Beykos, as it is known, starts from Küçüksu. A few steps away is Göksu. As the Kağıthane promenade loses its magnificence following the riots, Mahmud I builds an extravagant wooden waterfront house in Göksu. This waterfront house will change the destiny of Beykoz. Then, prairie coffee shops start popping up around Göksu. Daily promenades, boat trips, moon watching, stand-up shows, musical programs make Göksu one of the social centers of the city in the 17th century. Murad IV doesn’t remain indifferent to this unique district; he revives its periphery and renames it to Gümüş Servi (Silver Cypress).

Evliya Çelebi says in his travel book that, “The ninth of the mines inside Istanbul is the lime excavated from the mountains and stones at the promenade and entertainment region called Göksu Fort, and it is whiter than snow or milk, and is unique in the world.

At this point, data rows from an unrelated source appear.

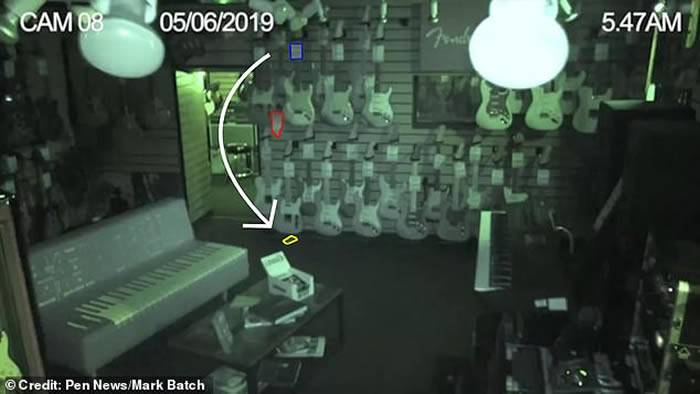 英国东萨塞克斯郡布赖顿监控视频拍到琴行闹鬼透明白影在顾客间穿梭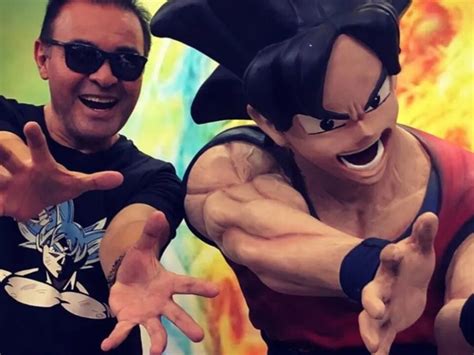 Mario Castañeda La Voz De Gokú Dragon Ball Es La Tarjeta De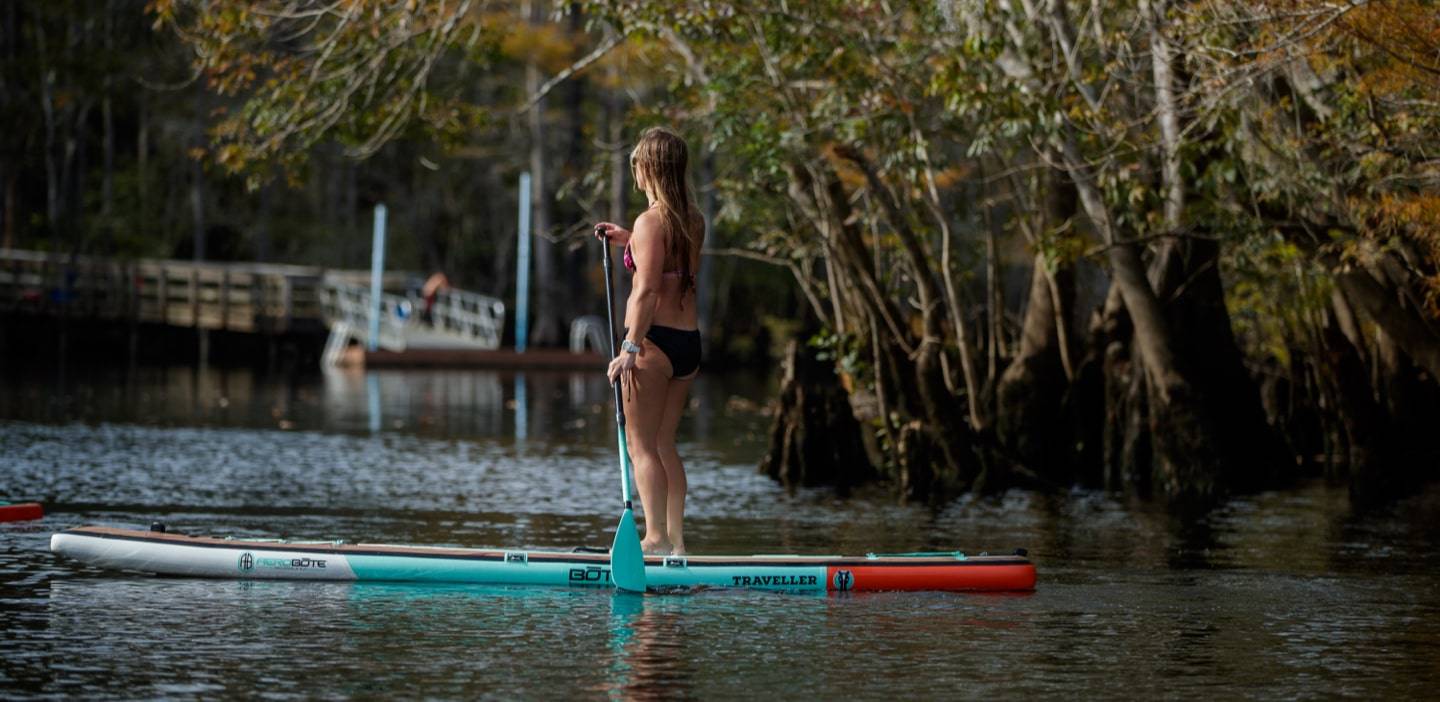 Woman paddling the Traveller Aero Classic Teak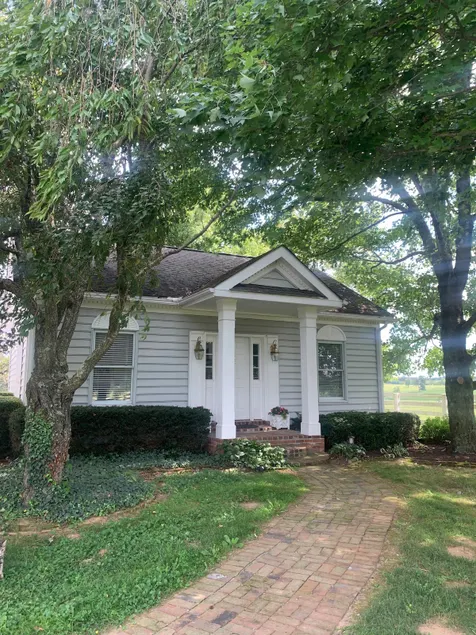 Quaint cottage on scenic horse farm - Image 1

And the tenth mine is the red earth from Göksu. This earth is used to make various cups, pans and pots.”

Nedim, Enderunlu Vasıf, and later, Recaizade Ekrem, Ahmet Rasim, Saffeti Ziya, Halit Ziya, Yahya Kemal, Abdülhak Şinasi, Pierre Loti, all mention Göksu extensively in their poems, songs and novels. Today, Göksu is still beautiful and a breathable district with a historical smell. The prairie that is partly preserved between the Küçüksu and Göksu rivers, Küçüksu Pavilion, its pier, many cute restaurants lined on Göksu’s shore, its potters, its corn, historical rope factory, Göksu resists the passage of time with its unfrayed narrative.